I would like to make a multi-class pandas dataframe more balanced for training. A simplified version of my training set looks as follows:
Imbalanced dataframe: counts for class 0, 1 and 2 are respectively 7, 3 and 1
animal class
0 dog1 0
1 dog2 0
2 dog3 0
3 dog4 0
4 dog5 0
5 dog6 0
6 dog7 0
7 cat1 1
8 cat2 1
9 cat3 1
10 fish1 2
I made this with the code:
import pandas as pd
data = {'animal': ['dog1', 'dog2', 'dog3', 'dog4','dog5', 'dog6', 'dog7', 'cat1','cat2', 'cat3', 'fish1'], 'class': [0,0,0,0,0,0,0,1,1,1,2]}
df = pd.DataFrame(data)
Now I would like to randomly under sample the majority class(es) and randomly over sample the minority class(es) to specified values per class to get a more balanced dataframe.

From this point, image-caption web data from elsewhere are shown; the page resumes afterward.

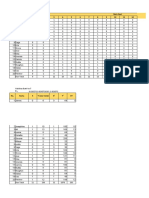 Latihan - Validitas - Dengan - Excel - DHIYAN IRYADI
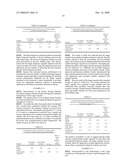 Higher Performance Capsule Particles diagram and image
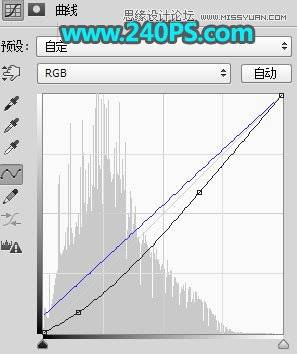 给照片增加唯美蓝色阳光效果的PS技巧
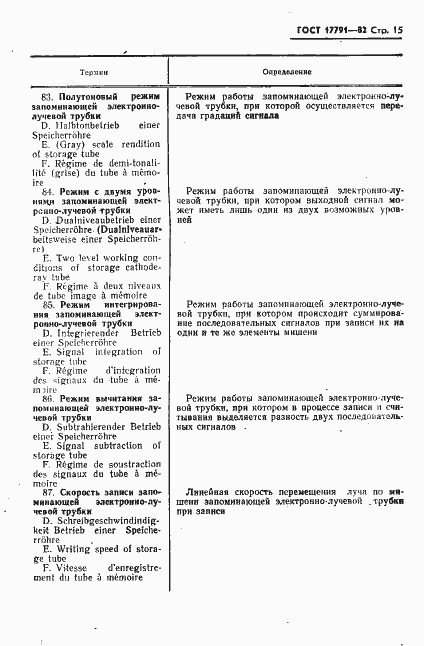 Страница 18 ГОСТ 17791-82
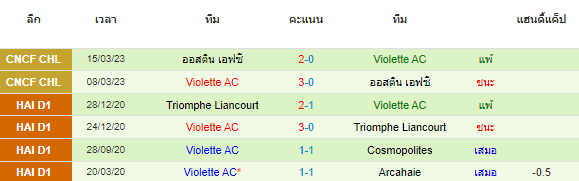 วิเคราะห์บอล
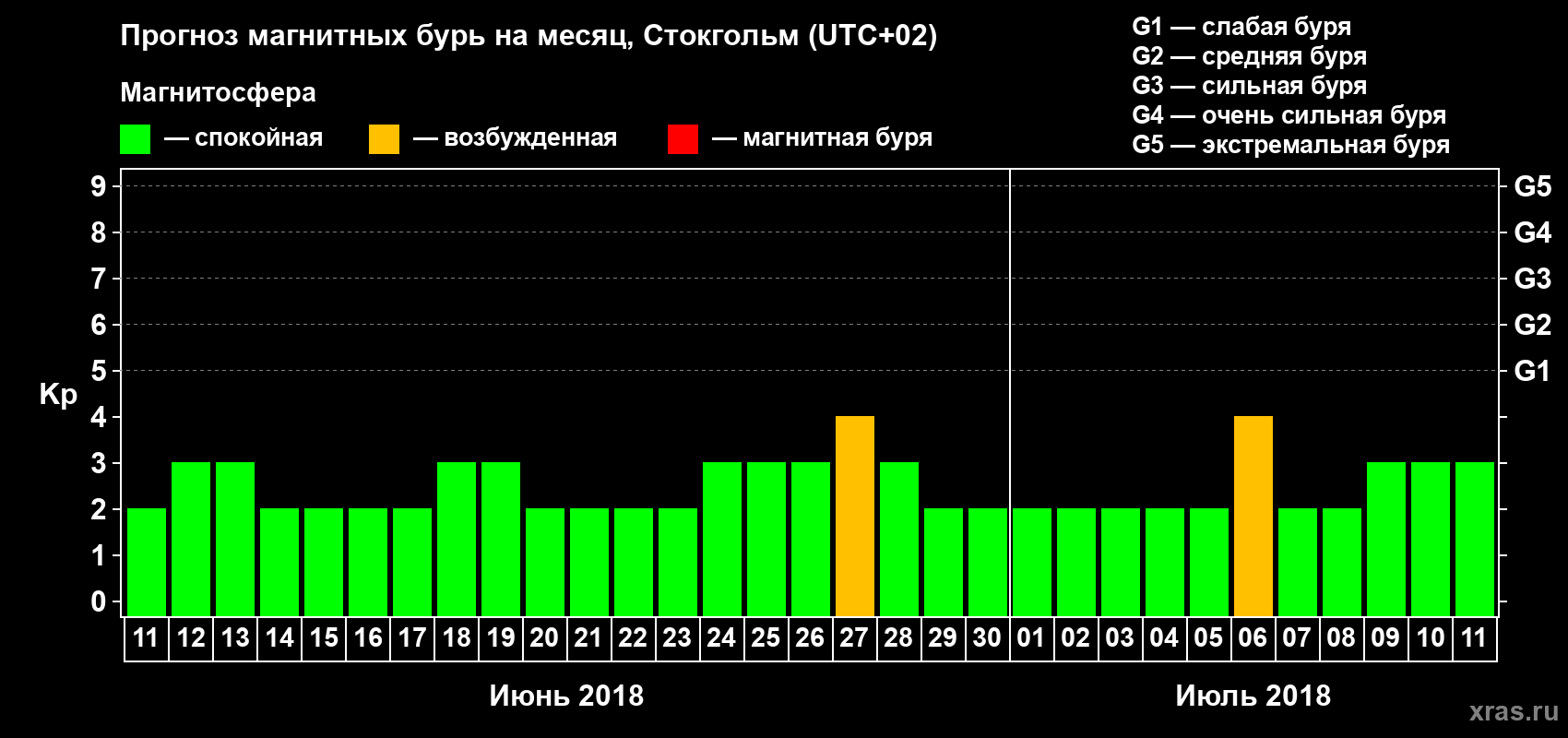 Прогноз максимального суточного геомагнитного индекса Kp на <b>1 месяц</b> (31 день) <b>с 11 июня по 11 июля 2018 г</b>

The problem is that all pandas tutorials I can find online or other questions on stackoverflow on this topic deal with either random over sampling the minority class to the level of the majority class (eg: Duplicating training examples to handle class imbalance in a pandas data frame) or random under sampling the majority class to the level of the minority class.
Since I face extreme imbalance, I cannot make the size of the majority classes equal to that of the minority class. Therefore, these code snippets I can find typically don't work for me. Ideally, I would be able to specify the exact number of samples per class that are then generated by either over- or under sampling (depending on the number I specified for that class and the number of samples the class contains).
For example,
if I specify:
- counts_0 = 5 (was 7 so implies random under sampling with 2 samples),
- counts_1 = 4 (was 3 so implies random over sampling with 1 sample),
- counts_2 = 3 (was 1 implies random over sampling with 2 samples)
I would like to become something like this:
More balanced dataframe: counts for class 0, 1 and 2 are respectively 5, 4 and 3
animal class
0 dog2 0
1 dog3 0
2 dog5 0
3 dog6 0
4 dog7 0
5 cat1 1
6 cat2 1
7 cat3 1
8 cat2 1
9 fish1 2
10 fish1 2
11 fish1 2
What would be the best approach to tackle this?